Prices of imported commodities are anticipated to go up as early as next month due to an expected increase in the cost of a number of services including freight and terminal handling at the East African Community’s main sea port of Mombasa.

Kenya Ports Authority (KPA) has announced an increment in its tariffs effective December 1 in a move expected to push up cost of imports and ensure cost of doing business in the region remains at its highest.

The tariff adjustment follows what the state corporation, a major facilitator of sea-borne trade in East and Central Africa referred to as successful stakeholder consultations in Mombasa, Kampala, Kigali and Bujumbura in September.

Managing Director, Gichiri Ndua, said stakeholders views had been incorporated and enough time given to the shippers. “Stakeholders views have been incorporated and enough time given to the shippers,” he said in a public notice. “To ensure stakeholder views have been incorporated and give enough lead time to shippers, the effective date of implementation has been moved from November 1 to December 1, 2012,” added Ndua.

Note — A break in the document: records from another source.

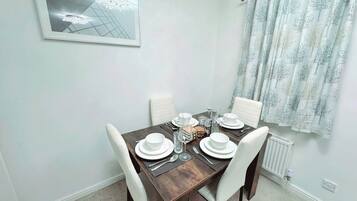 A dining area with a rectangular table set for four, white chairs, a framed picture on the wall, and a window with patterned curtains.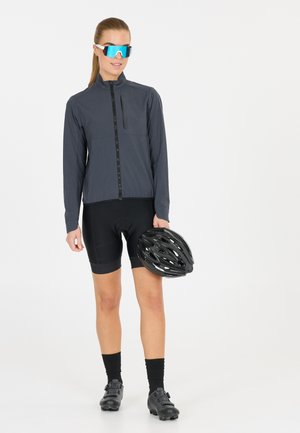 Schwarze leichte Jacke mit hohem Kragen und Front-Reißverschluss, kombiniert mit schwarzen Radshorts. Das Modell hält einen schwarzen Fahrradhelm.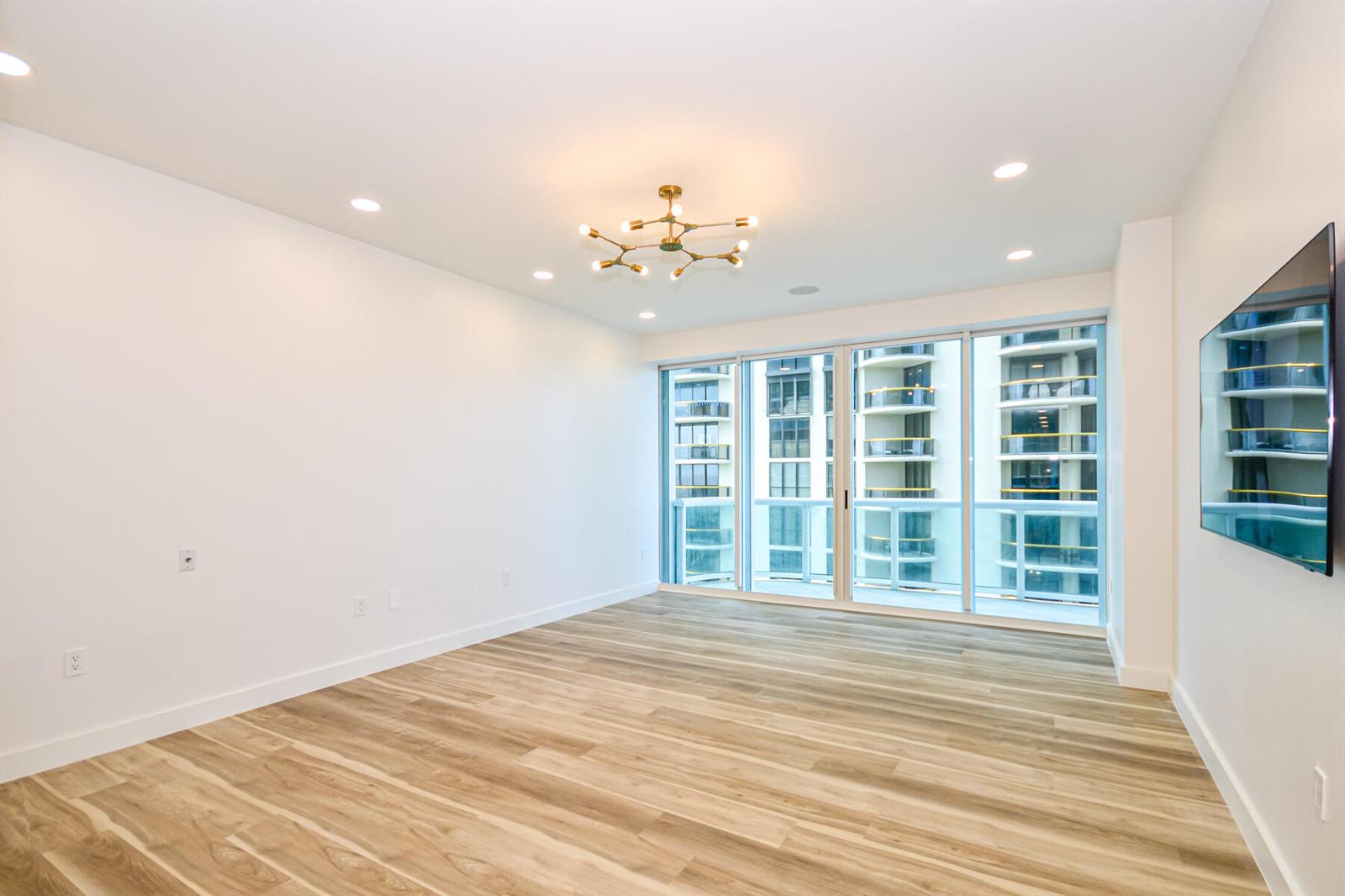 An empty living room with light wood flooring, a modern chandelier, and floor-to-ceiling windows — 10101 Collins Avenue # 7d, Bal Harbour FL 33154, BAL HARBOUR, FL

The new charges for services offered including marine services and ship dues, stevedoring services – conventional cargo and for shore-handling, wharfage and storage services are already available on the KPA website.

Cash bonds

Freight forwarders already warn that the increase in tariffs, which comes as additional cost of doing business, is expected to lead to rise in the cost of commodities that go through East Africa main seaport of Mombasa. Federation of East African Freight Forwarders Associations (Feaffa) noted that Ugandan traders have already threatened to use alternative routes due to other challenges such as the recent introduction of cash bonds on transit cargo destined to Uganda.

“This is already hurting the business community using the northern corridor,” an official at the apex private sector body representing freight forwarding industry in East Africa, who spoke on condition of anonymity.

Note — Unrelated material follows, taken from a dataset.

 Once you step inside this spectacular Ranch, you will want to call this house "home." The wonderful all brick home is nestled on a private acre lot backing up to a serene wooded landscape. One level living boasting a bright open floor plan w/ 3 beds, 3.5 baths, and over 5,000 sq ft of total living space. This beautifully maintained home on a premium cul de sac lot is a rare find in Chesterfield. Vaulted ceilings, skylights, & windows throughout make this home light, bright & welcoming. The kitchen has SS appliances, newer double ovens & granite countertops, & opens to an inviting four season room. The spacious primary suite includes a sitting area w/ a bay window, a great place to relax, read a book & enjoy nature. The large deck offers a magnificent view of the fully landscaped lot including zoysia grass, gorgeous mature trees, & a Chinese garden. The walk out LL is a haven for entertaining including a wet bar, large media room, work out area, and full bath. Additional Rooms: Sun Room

The northern corridor, which links the Port of Mombasa to landlocked Uganda, Rwanda and Burundi, with links to Northern Tanzania, the DR Congo, South Sudan, Ethiopia and Somalia accounts for annual cargo volumes in excess 10 million tonnes and transit and trans-shipment traffic of more than 2 million tonnes.

Speaking during the recent launch of Logistic Performance Index for East Africa, Kenya Shippers Council (KSC) Chief Executive, Gilbert Langat decried high transport costs in East Africa, saying that it poses serious challenges in the region’s ability to effectively compete with the rest of the world in trade.

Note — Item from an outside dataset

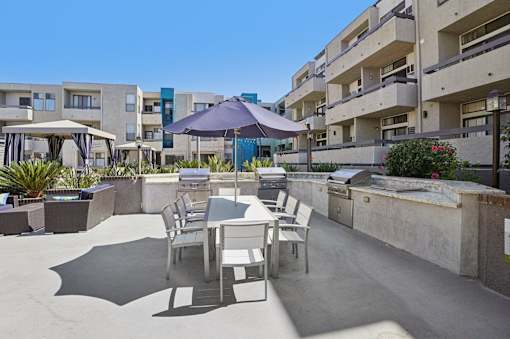 A patio with a table and chairs is surrounded by buildings.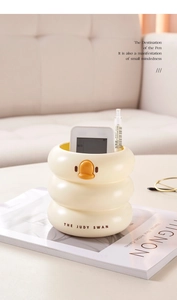 Close-up of yellow duck desk organizer with tiered design holding pens and calculator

He said the cost of transporting export goods is 60 to 70 per cent higher than US and Europe and 30 per cent higher than Southern Sudan.

“This state of affairs is expected to reduce economic growth by 1 per cent annually, especially in the landlocked Burundi, Rwanda and Uganda, whose development depends on transit solutions in neighbouring Kenya and Tanzania,” he said in Nairobi.

He noted that the ports of Dar es Salaam and Mombasa have cumulatively experienced an annual average growth in cargo throughput of 8.8 per cent occasioned by growth in regional trade in the recent past.

Although East African countries have introduced a series of reforms in simply doing business, traders continue to complain of difficulties due to a number of obstacles among them incoherent tax regimes and trade terms. This has seen traders spend a lot of time visiting different government agencies in various locations to obtain permits, trade licenses and clearance certificates to complete importation and exportation processes.

For instance two months ago, President Yoweri Museveni had to intervene in a dispute between the Kenya Revenue Authority (KRA) and Ugandan traders protesting an order to pay cash bonds for their goods.

A personal assistant to President Museveni petitioned Trade minister Moses Wetangula for a review of the cash bond. Traders had said it would be expensive for them to clear goods at Mombasa port using the bonds.

“We cannot afford to have any trade problems with Uganda. Even the personal assistant of President Museveni has called the minister for Trade asking for a solution,” Finance minister Njeru Githae disclosed.

He said he had called a meeting with KRA to resolve the dispute, which could jeopardise trade with Uganda, the single largest importer of Kenya’s goods. KRA has since cancelled the controversial new regulation.

The country took 31 per cent — Sh76 billion of Kenya’s exports last year. The value grew by 46 per cent from the previous year.